Below are entries with pictures in them. Output exactly the lines starting at the line with "A hotel room" and ending at the line with "a bedroom with", both included, but not the pictures.

BEGIN

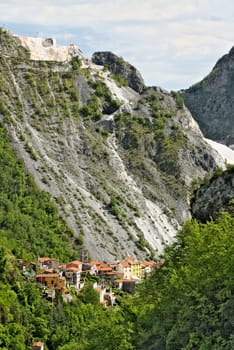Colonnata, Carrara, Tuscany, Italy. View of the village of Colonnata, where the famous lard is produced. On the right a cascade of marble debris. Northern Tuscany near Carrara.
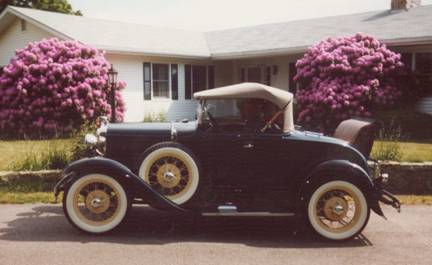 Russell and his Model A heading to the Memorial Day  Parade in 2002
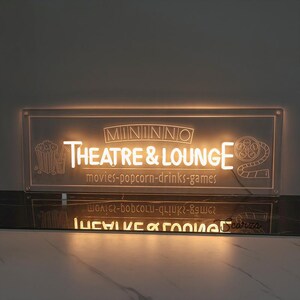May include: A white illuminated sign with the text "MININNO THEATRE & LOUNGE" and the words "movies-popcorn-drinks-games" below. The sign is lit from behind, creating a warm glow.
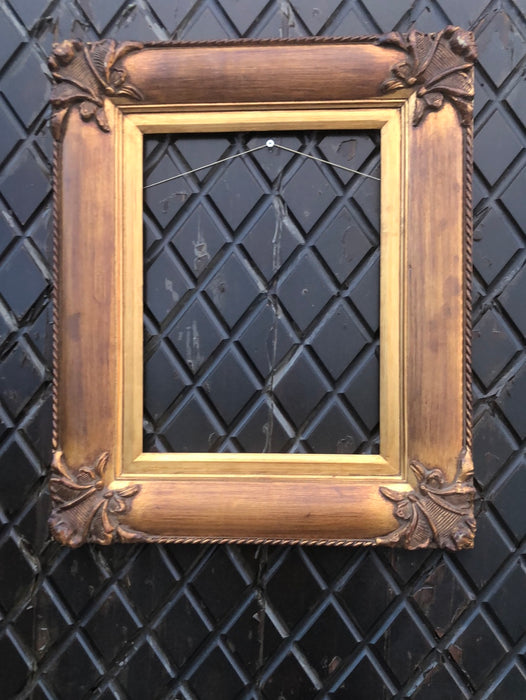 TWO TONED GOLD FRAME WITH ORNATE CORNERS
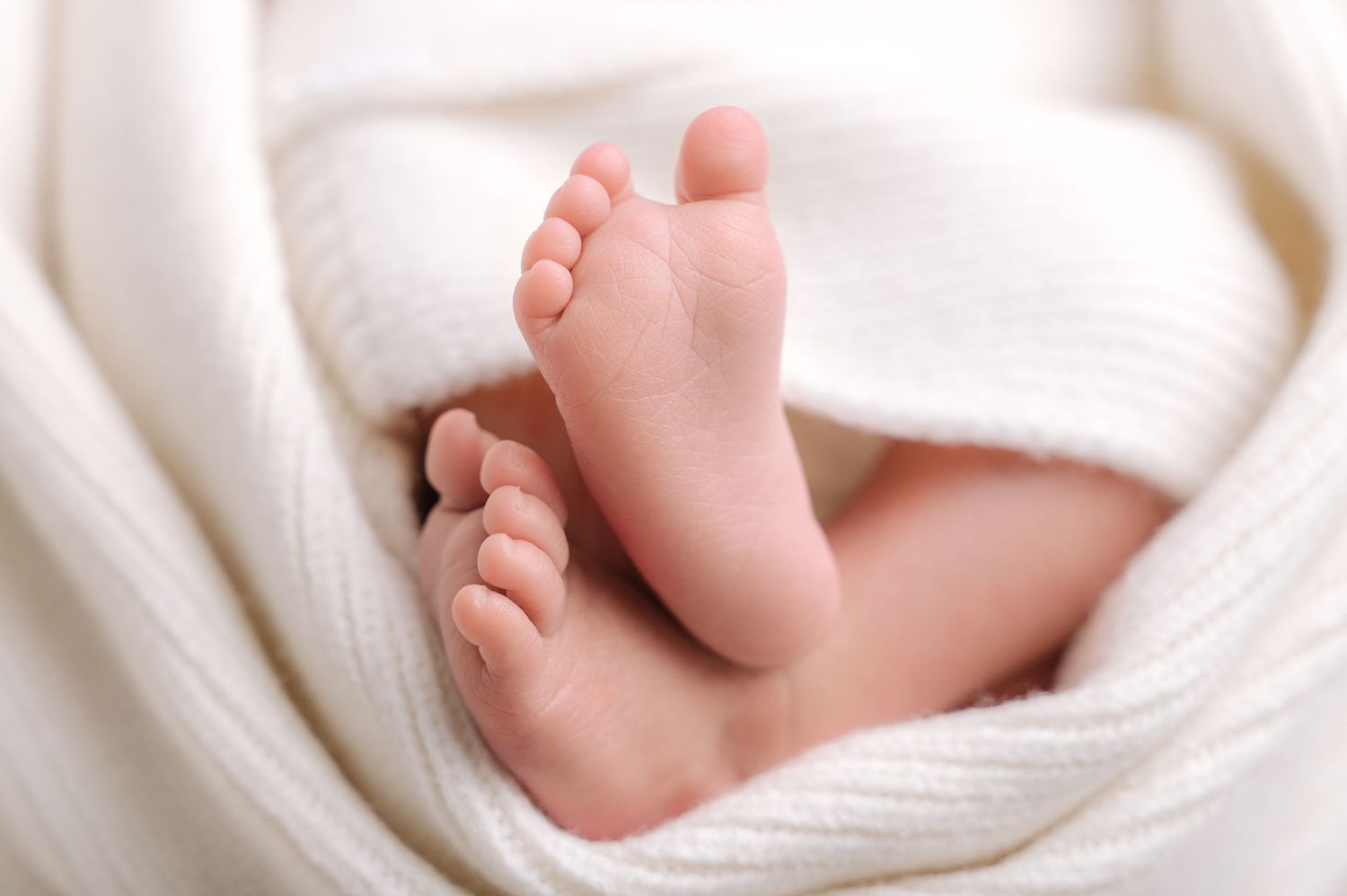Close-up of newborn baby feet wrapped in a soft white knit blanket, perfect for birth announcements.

END
BEGIN

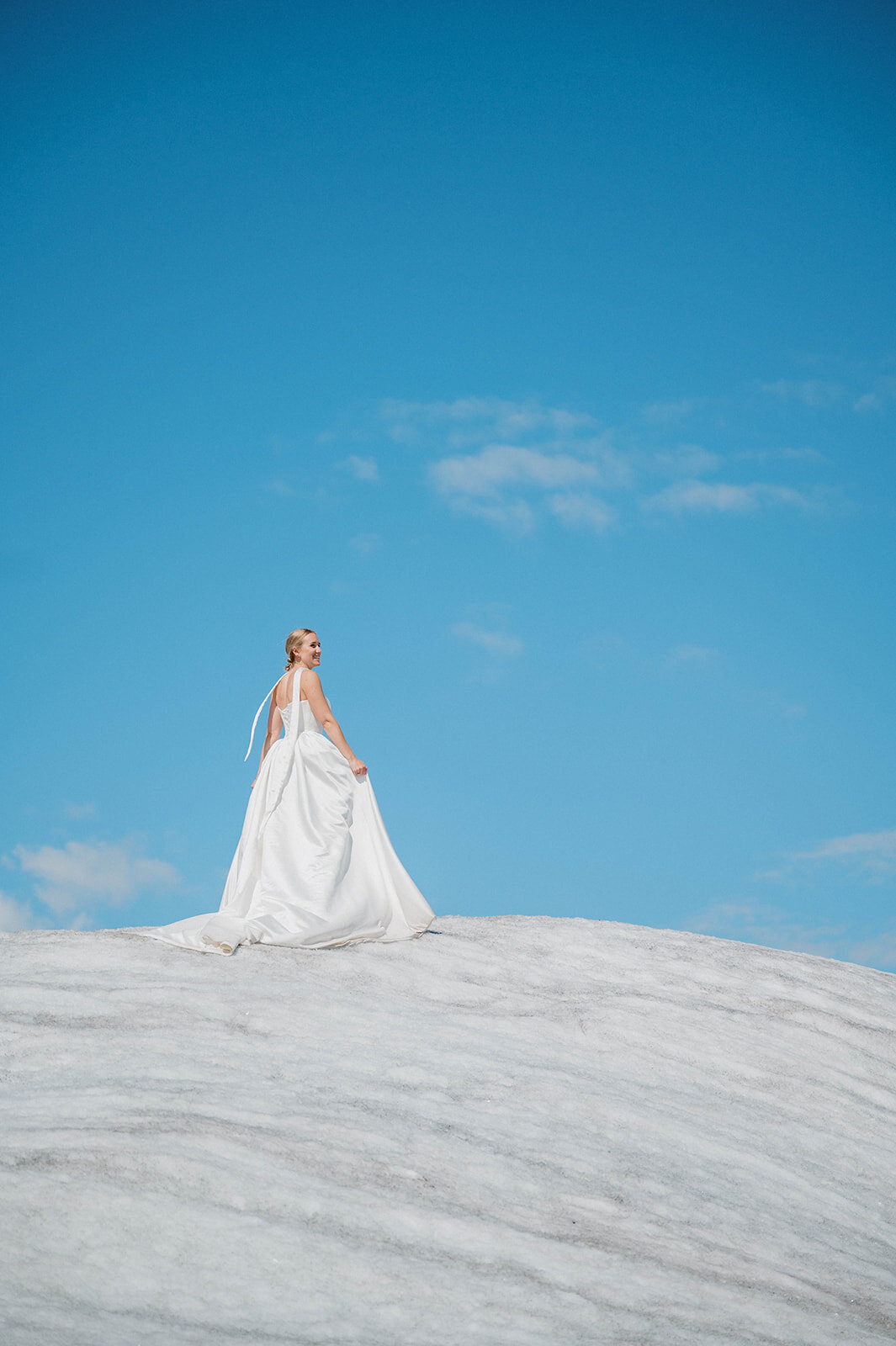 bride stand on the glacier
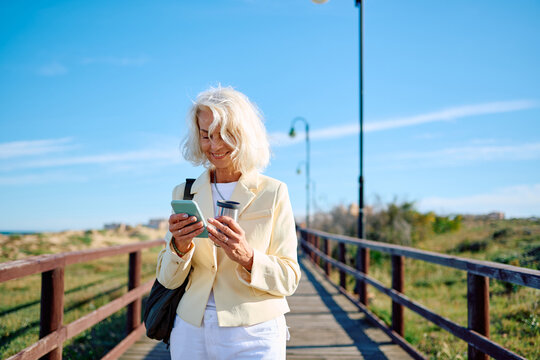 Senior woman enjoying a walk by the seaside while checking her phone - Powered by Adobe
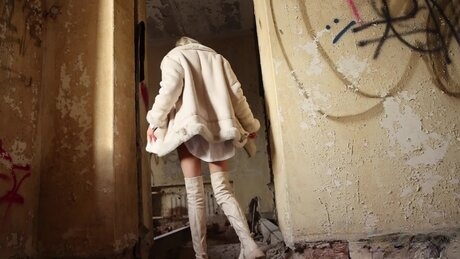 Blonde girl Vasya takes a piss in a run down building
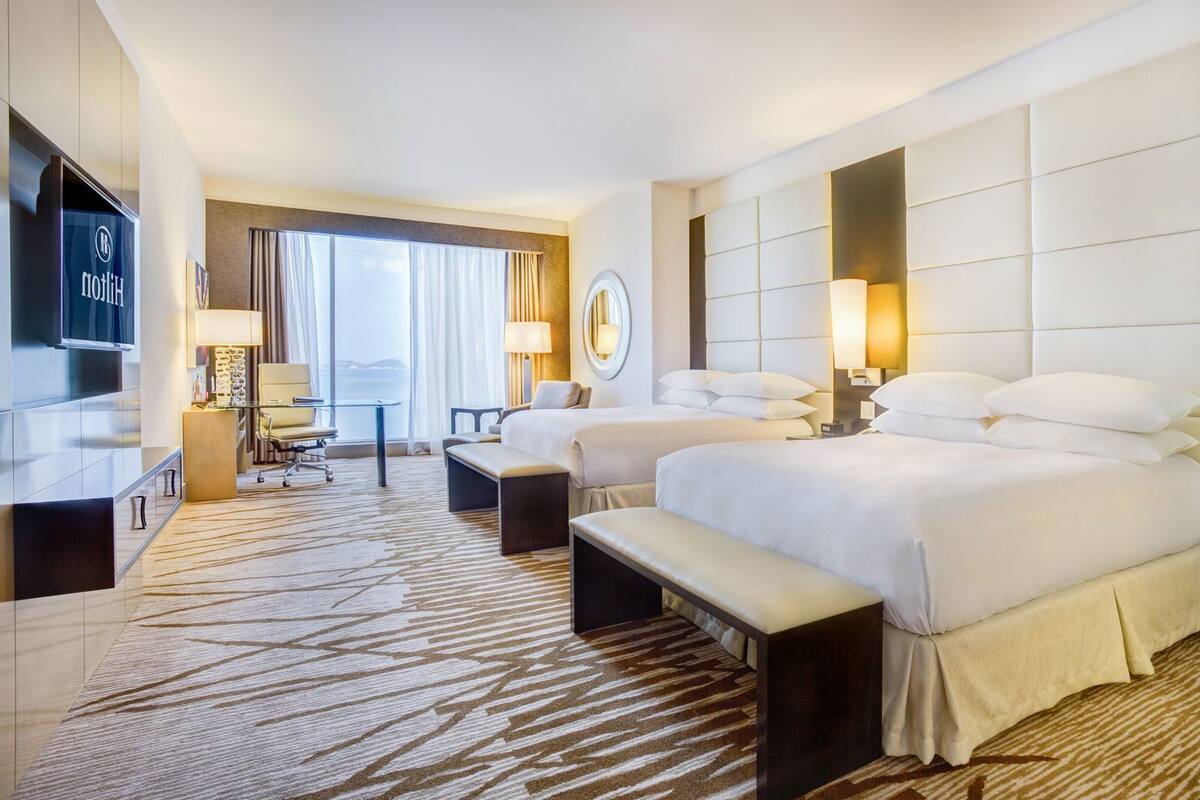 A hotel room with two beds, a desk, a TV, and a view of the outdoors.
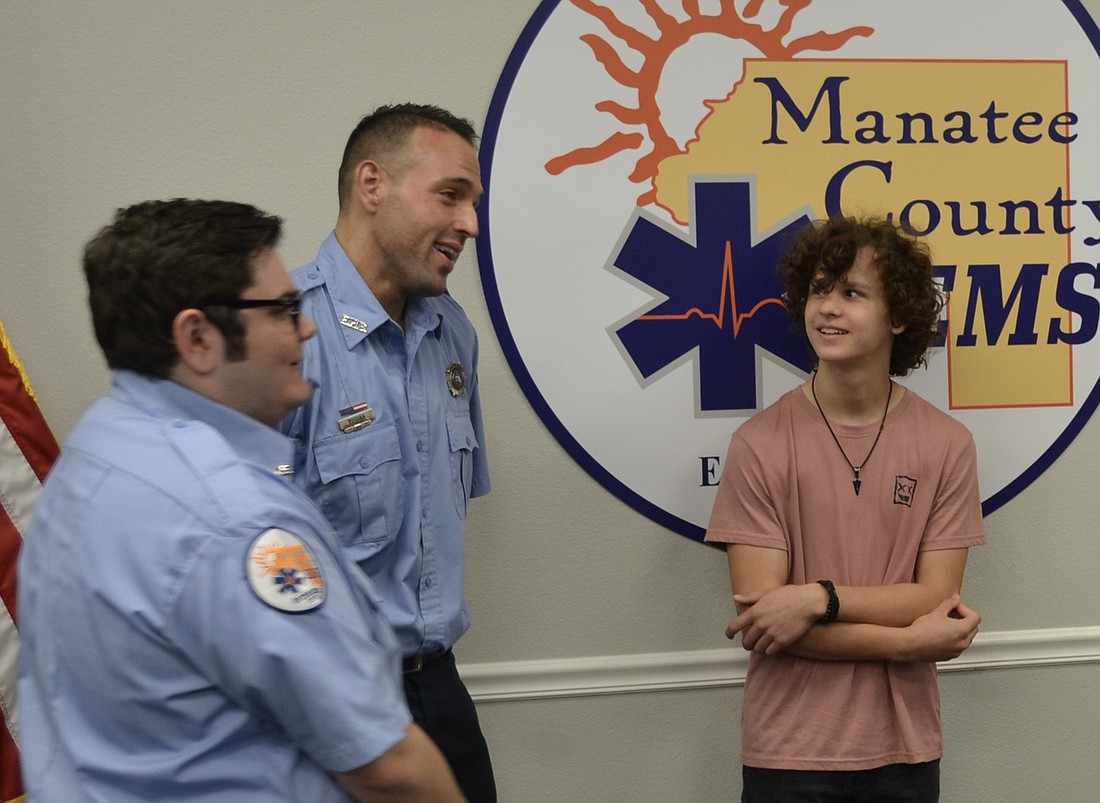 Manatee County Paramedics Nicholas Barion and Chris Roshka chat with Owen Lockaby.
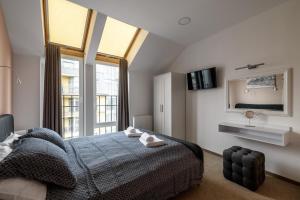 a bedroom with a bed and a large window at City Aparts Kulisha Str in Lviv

END

> Completed exercise
 A hotel room with two beds, a desk, a TV, and a view of the outdoors.
 Manatee County Paramedics Nicholas Barion and Chris Roshka chat with Owen Lockaby.
 a bedroom with a bed and a large window at City Aparts Kulisha Str in Lviv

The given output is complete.